## What you have to do
Once you find the line with "Arco de jardín", transcribe it and all the lines that follow to the end of the data, exactly as written; skip any pictures.

## Recorded information
┏━━

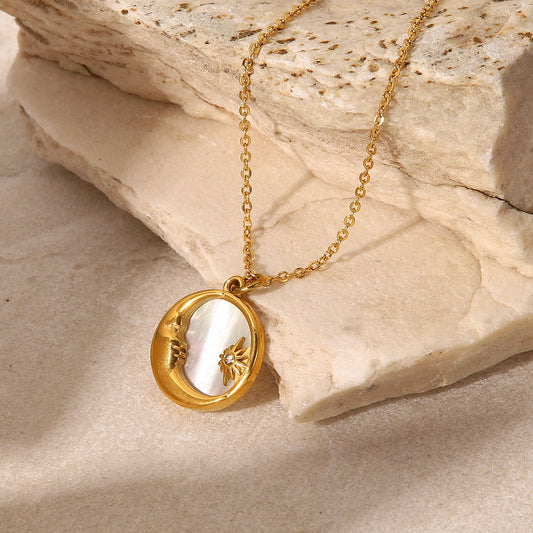 18K gold plated white mother-of-pearl pendant necklace waterproof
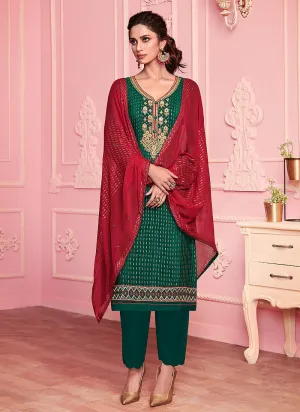 Green And Red Designer Pakistani Pant Suit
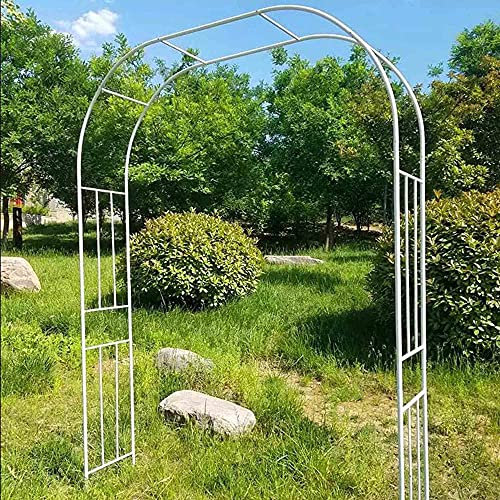 Arco de jardín de hierro forjado con soportes de flores para plantas trepadoras al aire libre, decoración de césped, patio, 150 cm, negro y 120 cm blanco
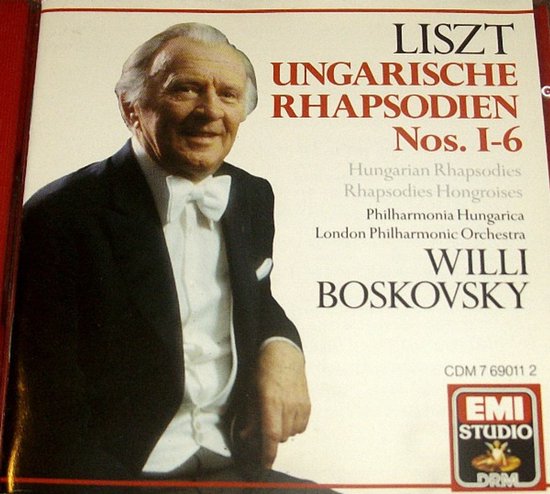 Portret van Willi Boskovsky die een smoking draagt, naast de titel 'Liszt Hongaarse Rapsodieën Nos. 1-6'.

┗━━

## Written solution
 Arco de jardín de hierro forjado con soportes de flores para plantas trepadoras al aire libre, decoración de césped, patio, 150 cm, negro y 120 cm blanco
 Portret van Willi Boskovsky die een smoking draagt, naast de titel 'Liszt Hongaarse Rapsodieën Nos. 1-6'.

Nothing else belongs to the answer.